Goal of the exercise: Output only the lines below from the one holding "Fleur d'ail Cellulaire Abstrait Mur Art" down to the one holding "Persian cat pair single cod", both end lines included and every picture dropped.

Data for the task:
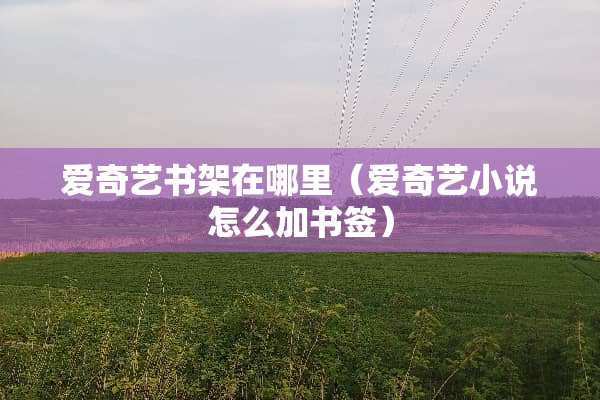 爱奇艺书架在哪里(爱奇艺小说怎么加书签) 爱奇艺书架在哪里(爱奇艺小说怎么加书签)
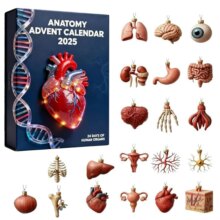 Kawaii Anatomy Explore Advent Calendar Kawaii Anatomy Explore Advent Calendar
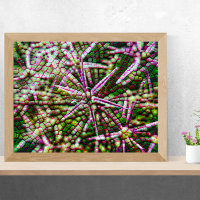 Fleur d'ail Cellulaire Abstrait Mur Art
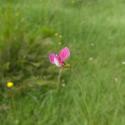 Img.VTax679.ExN.Img9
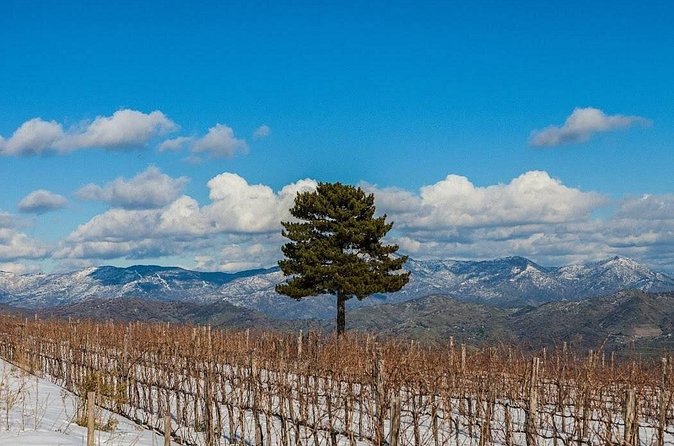 Wine Tasting Experience Etna Nord - The tasting: 4 or 7 labels and how to pace yourself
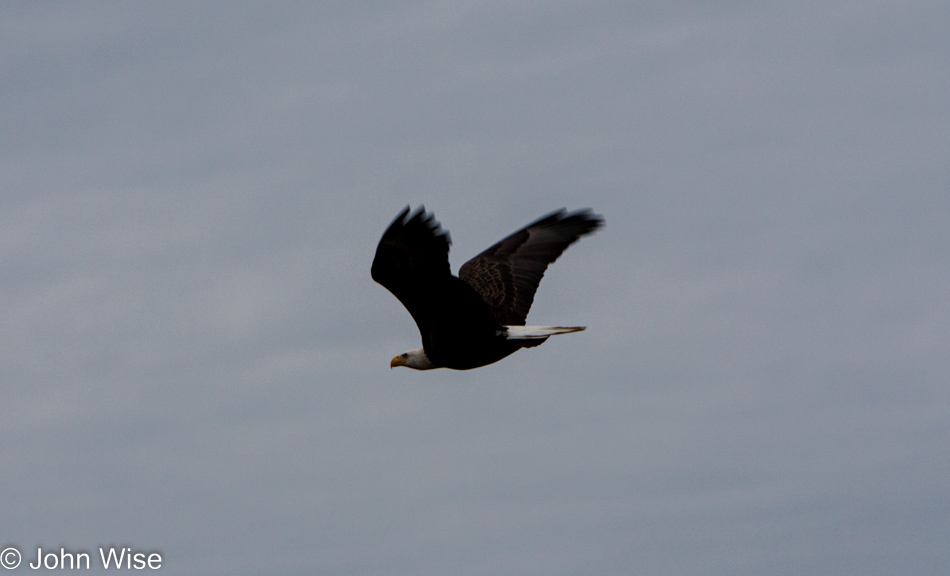 Bald eagle at the Blackwater Wildlife Refuge in Maryland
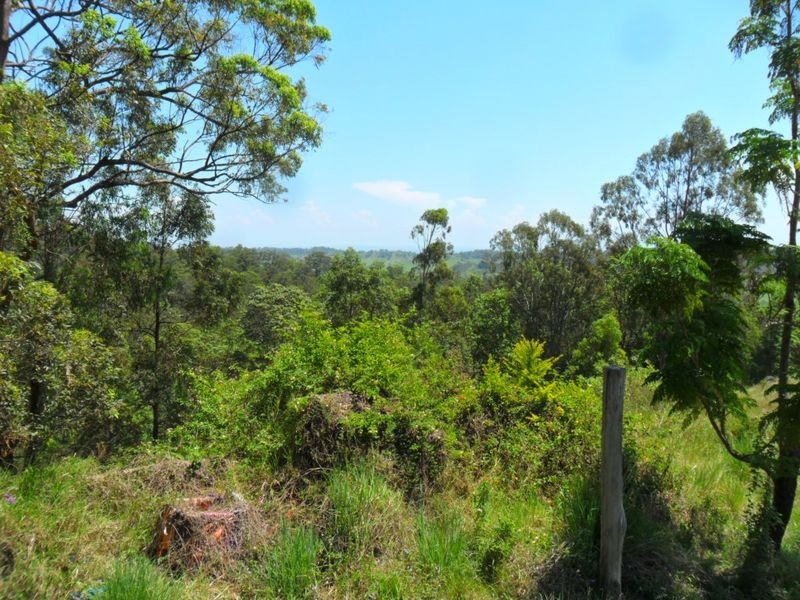 114 Boorabee Creek Road, Kyogle NSW 2474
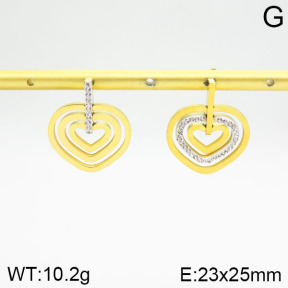 Stainless Steel Earrings  2E4002111bbov-434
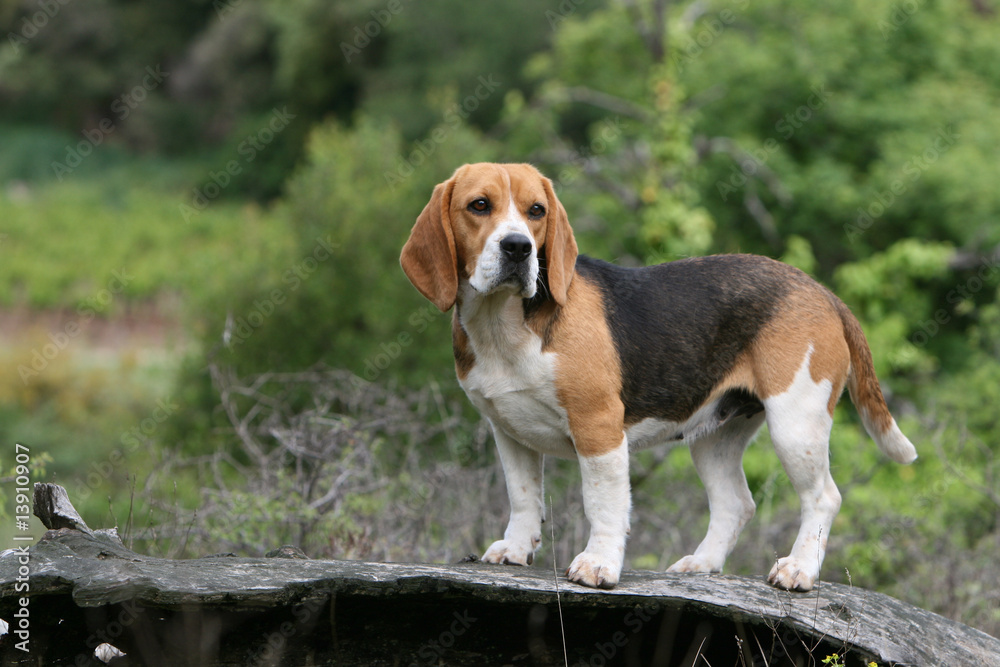 beagle tricolore adulte de profil à la campagne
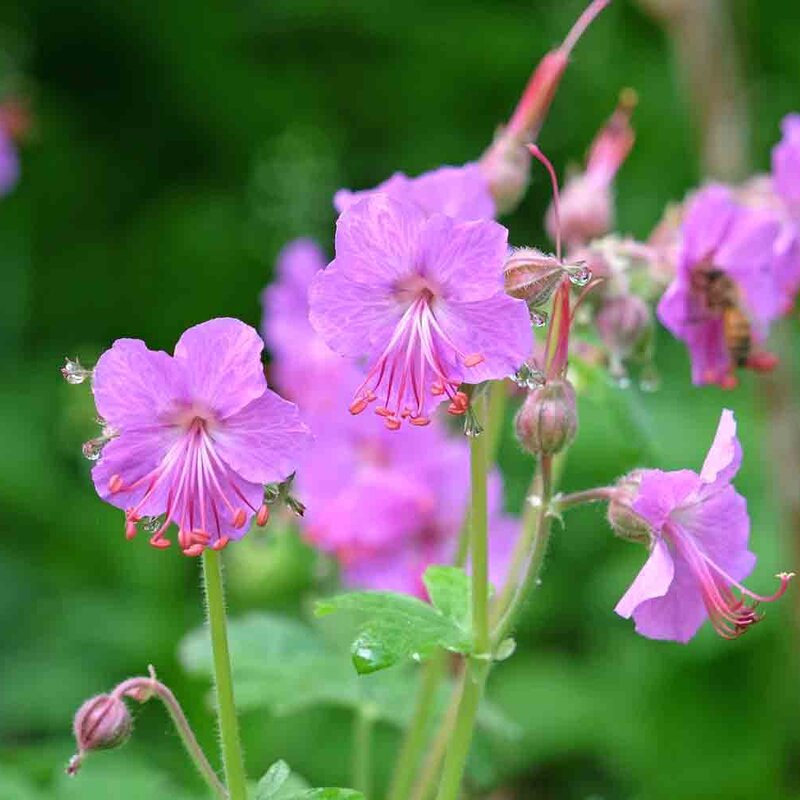 Geranium macrorrhizum 'Bevan' | STARKL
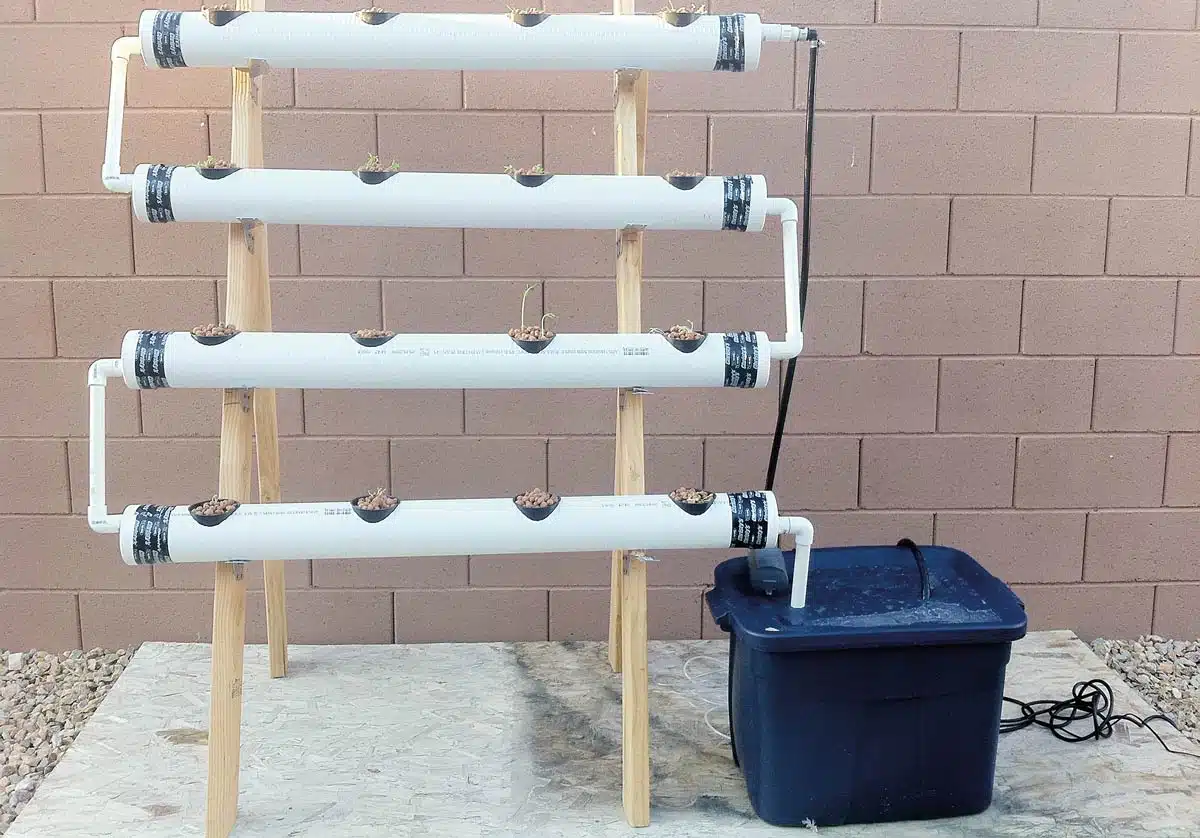 Sencillo sistema hidroponico recirculante casero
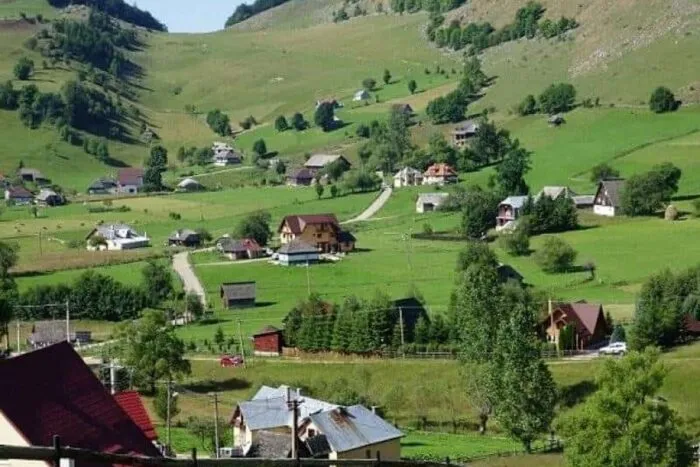 sirnea-3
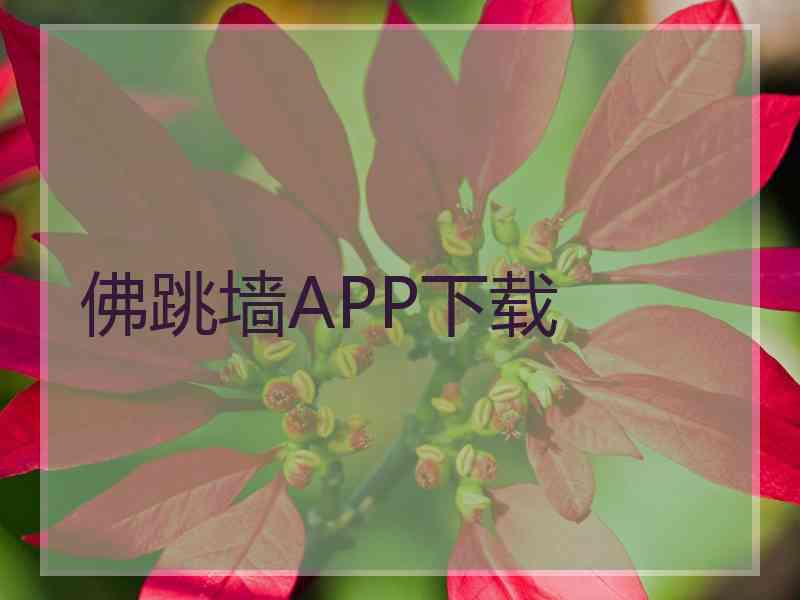 佛跳墙APP下载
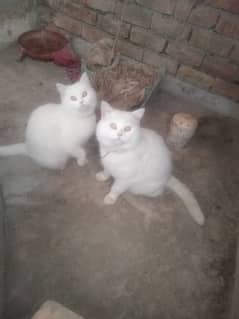 Persian cat pair single cod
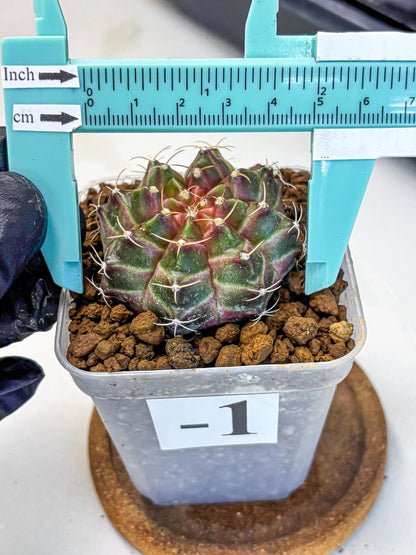 Gymnocalycium Neon (gy16) (1) | Variegated cactus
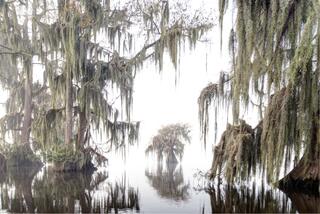 Cypress Fog #5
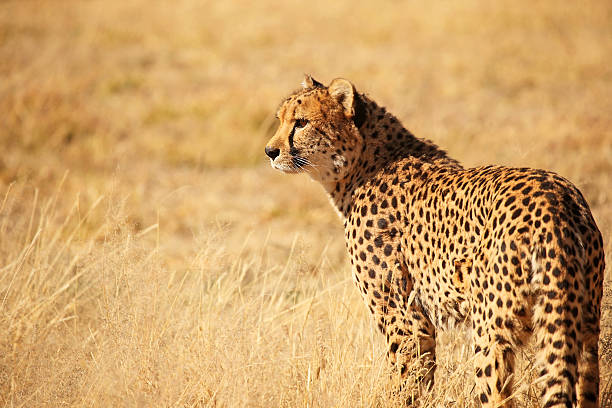 istock Cheetah Camouflage in African Savannah 539269461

Solution to the exercise:
 Fleur d'ail Cellulaire Abstrait Mur Art
 Img.VTax679.ExN.Img9
 Wine Tasting Experience Etna Nord - The tasting: 4 or 7 labels and how to pace yourself
 Bald eagle at the Blackwater Wildlife Refuge in Maryland
 114 Boorabee Creek Road, Kyogle NSW 2474
 Stainless Steel Earrings  2E4002111bbov-434
 beagle tricolore adulte de profil à la campagne
 Geranium macrorrhizum 'Bevan' | STARKL
 Sencillo sistema hidroponico recirculante casero
 sirnea-3
 佛跳墙APP下载
 Persian cat pair single cod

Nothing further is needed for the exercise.